- [TRY IT]
An exact restatement of all the data is required, with the pictures left out.

- [INFORMATION SHOWN]
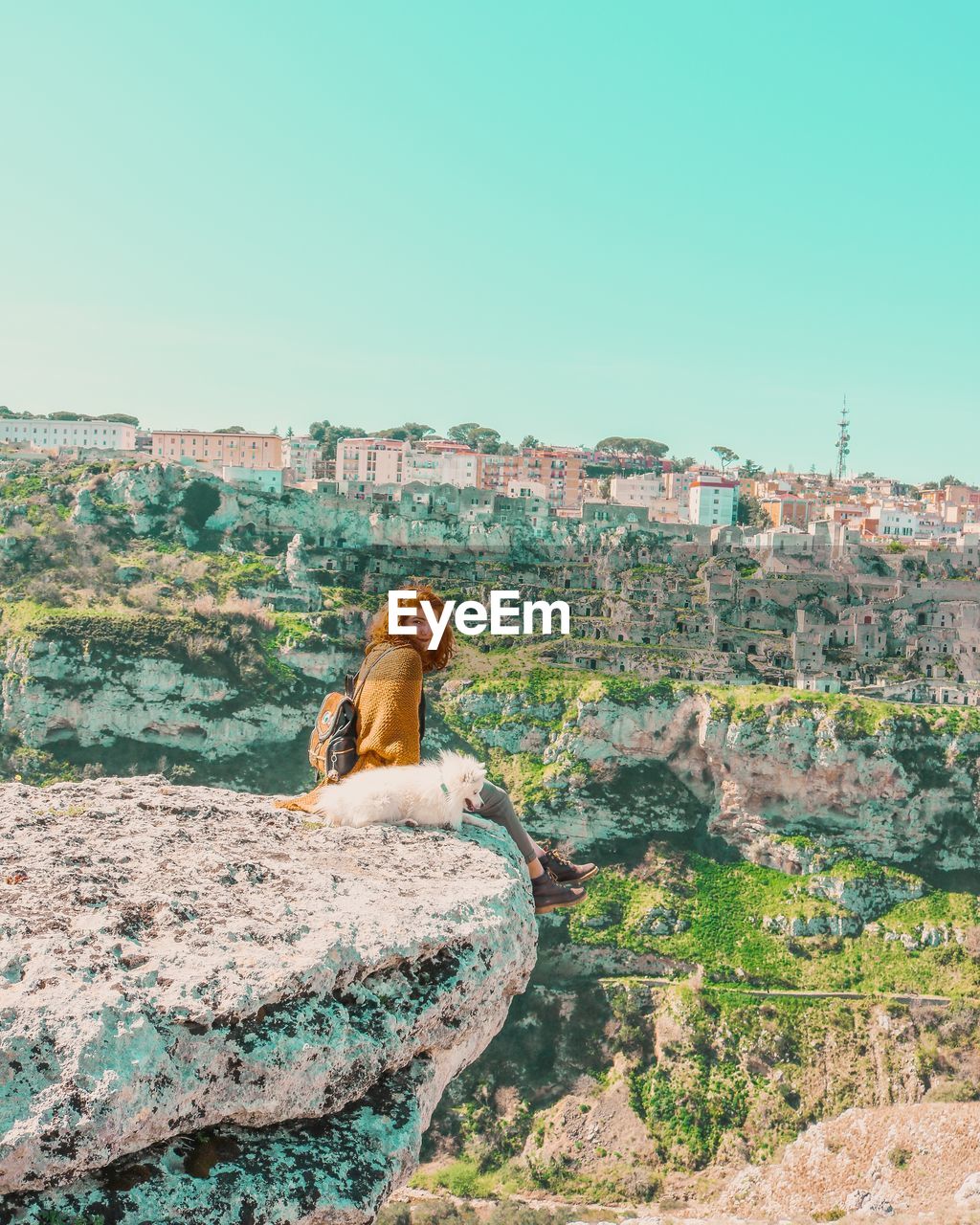 MAN SITTING ON ROCK AGAINST WALL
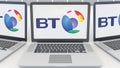 Laptops with BT Group logo on the screen. Computer technology conceptual editorial 3D rendering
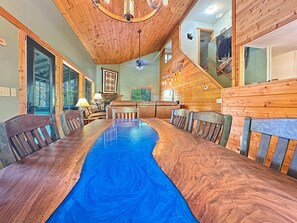 A wooden interior with a long dining table, chairs, and a ceiling fan. - Bear's Den - Nantahala Gorge seclusion and convenience + free rafting (Bryson City)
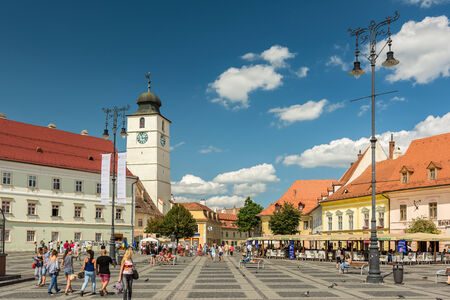 SIBIU, ROMANIA - AUGUST 18, 2014: The Main Square in the historical center was first mentioned in 1408 and is the largest public square which held public meetings, markets and public executions.のeditorial素材
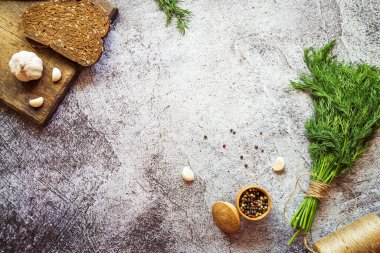 Ekmek, sarımsak kahverengi tahta, dereotu ve biber karışımı gri beton arka planda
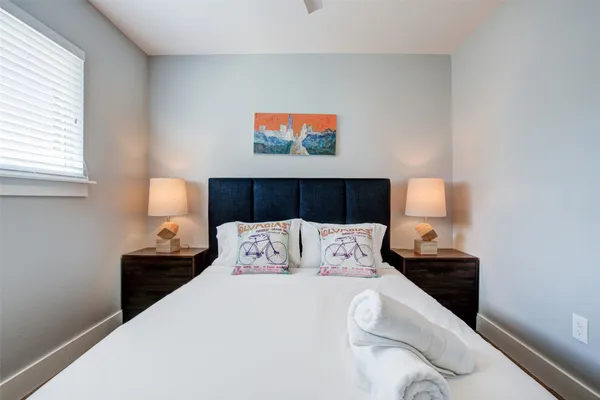 a bedroom with a bed and a night stand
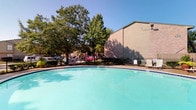 This single-story property showcases a well-maintained outdoor swimming pool as its centerpiece amenity. The generously sized pool features clear, turquoise water and is framed by a classic black iron fence that provides both security and a clean aesthetic boundary. A wide pool deck surrounds the water, offering ample space for lounge chairs and outdoor furniture, making it ideal for relaxation and recreation.

Mature, leafy trees line the perimeter of the property, providing natural shade and a lush, green backdrop that enhances the outdoor atmosphere. The open layout allows for abundant natural sunlight throughout the day, creating a bright and inviting environment. The building adjacent to the pool area features a combination of brick and neutral-toned siding, characteristic of durable, low-maintenance construction.

The overall ambiance of the outdoor space is open, airy, and communal, well-suited for warm-weather enjoyment. The combination of mature landscaping, a spacious pool, and thoughtfully arranged seating areas creates a welcoming retreat. The property's single-floor design contributes to an accessible and cohesive layout, ensuring the outdoor amenity is conveniently reachable from all areas of the building.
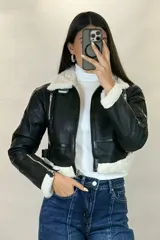 Campera tipo gamulán de cuero sintético negro, con interior y detalles de cuello y puños en corderito blanco. Presenta cierre frontal, cierres en los puños y correas ajustables en la cintura.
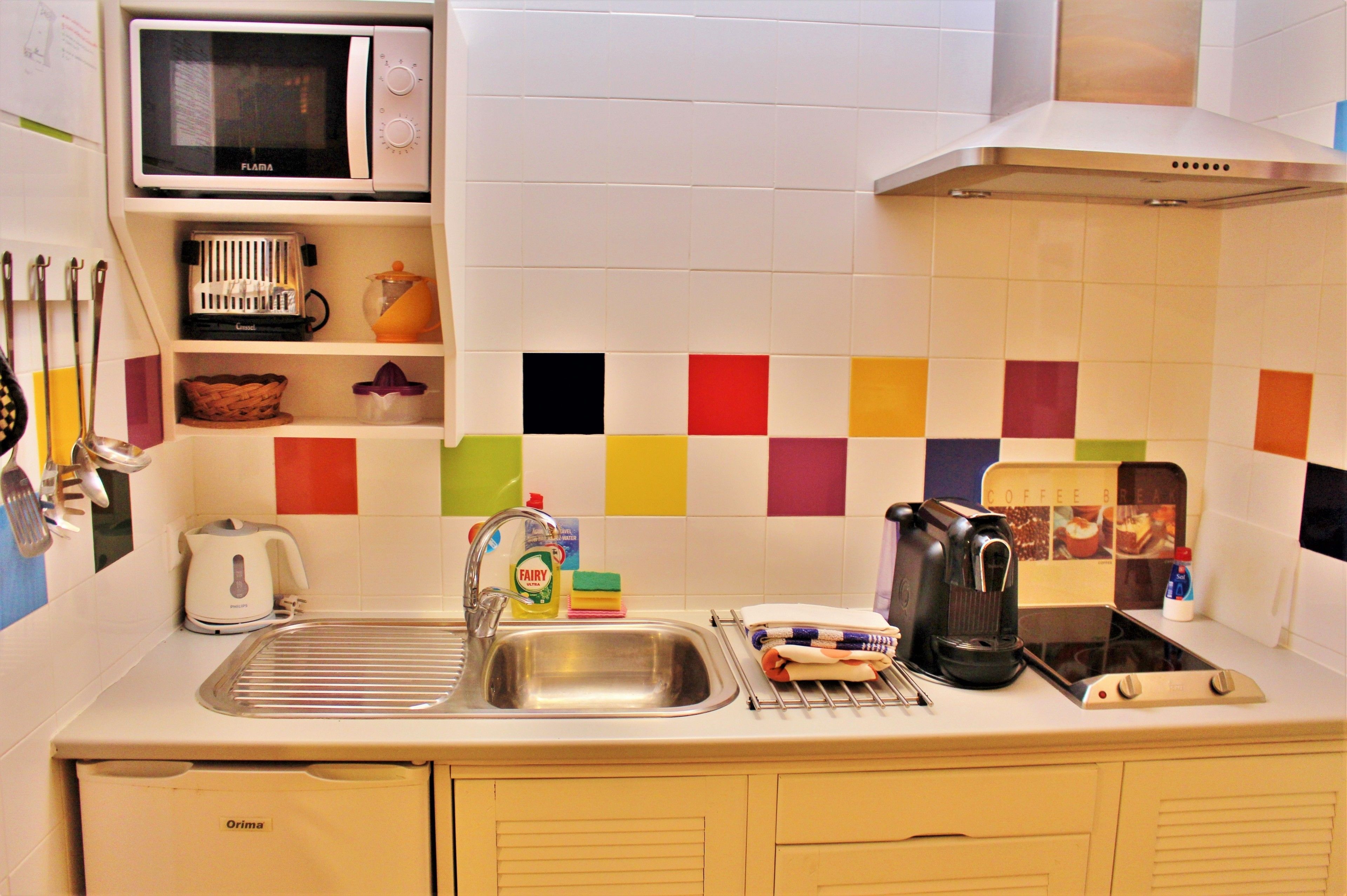A kitchen with a microwave, sink, and various appliances.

- [COMPLETED TASK]
 MAN SITTING ON ROCK AGAINST WALL
 Laptops with BT Group logo on the screen. Computer technology conceptual editorial 3D rendering
 A wooden interior with a long dining table, chairs, and a ceiling fan. - Bear's Den - Nantahala Gorge seclusion and convenience + free rafting (Bryson City)
 SIBIU, ROMANIA - AUGUST 18, 2014: The Main Square in the historical center was first mentioned in 1408 and is the largest public square which held public meetings, markets and public executions.のeditorial素材
 Ekmek, sarımsak kahverengi tahta, dereotu ve biber karışımı gri beton arka planda
 a bedroom with a bed and a night stand
 This single-story property showcases a well-maintained outdoor swimming pool as its centerpiece amenity. The generously sized pool features clear, turquoise water and is framed by a classic black iron fence that provides both security and a clean aesthetic boundary. A wide pool deck surrounds the water, offering ample space for lounge chairs and outdoor furniture, making it ideal for relaxation and recreation.

Mature, leafy trees line the perimeter of the property, providing natural shade and a lush, green backdrop that enhances the outdoor atmosphere. The open layout allows for abundant natural sunlight throughout the day, creating a bright and inviting environment. The building adjacent to the pool area features a combination of brick and neutral-toned siding, characteristic of durable, low-maintenance construction.

The overall ambiance of the outdoor space is open, airy, and communal, well-suited for warm-weather enjoyment. The combination of mature landscaping, a spacious pool, and thoughtfully arranged seating areas creates a welcoming retreat. The property's single-floor design contributes to an accessible and cohesive layout, ensuring the outdoor amenity is conveniently reachable from all areas of the building.
 Campera tipo gamulán de cuero sintético negro, con interior y detalles de cuello y puños en corderito blanco. Presenta cierre frontal, cierres en los puños y correas ajustables en la cintura.
A kitchen with a microwave, sink, and various appliances.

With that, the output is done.